• Sonuç bulunamadı

Altıncı Alt Probleme İlişkin Bulgular ve Yorum

Araştırmanın altıncı problemi “ABD’deki okul yöneticisi yetiştirme uygulamaları çerçevesinde Türkiye’de okul yöneticilerinin yetiştirilmesine ilişkin öneriler nelerdir?” olarak ifade edilmişti. Altıncı alt problemin yanıtını oluşturmak üzere yapılan araştırmanın bulgularına göre getirilen öneriler aşağıda sunulmaktadır.

A.B.D.’de okul yöneticisi kadrolarını dolduracak yöneticileri bulma sıkıntısını aşabilmek için finans yönetimi ya da askerlik gibi eğitim alanı dışından da yönetici temini gibi alternatif yöntemler denense de eğitim personeli ile ilgili istatistikler tarandığında okul yöneticilerinin büyük bölümünün öğretmen kaynaklı olduğu görülmektedir. Bir başka deyişle her iki ülke için de okul yöneticilerinin kaynağı öğretmenlerdir. Ancak öğretmenlik ve yöneticilik farklı beceriler gerektirir. A.B.D.’de öğretmenlerin hizmet öncesi eğitim görmeden yöneticilik yapmaları mümkün değildir. Türkiye’de okul yöneticiliğinin hizmet öncesi eğitimi gerektiren bir uzmanlık alanı olduğu benimsenmemiştir. MEB okul yöneticilerini kısa süreli hizmetiçi kurslarıyla yetiştirmeye çalışmaktadır. Nasıl tıp ve hukuk hizmet öncesi eğitimi gerektiriyorsa Türkiye‘de de okul yöneticilerinin hizmet öncesi eğitim yoluyla yetiştirilmeleri de mesleki bir zorunluluk olmalıdır.

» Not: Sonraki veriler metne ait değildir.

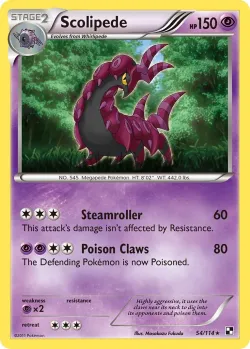 Scolipede #54/114 · Pokémon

Okul yöneticisi yetiştiren bir kurumdan alınan okul yöneticisi diploması A.B.D’de okul yöneticilerinin yöneticilik yapacak becerilere sahip olduğunun kanıtıdır. Türkiye’de de okul yöneticiliği yapabilmek için adayların gerekli niteliklere sahip olduklarını kanıtlayan okul müdürlüğü sertifikasına sahip olmaları şart koşulmalıdır.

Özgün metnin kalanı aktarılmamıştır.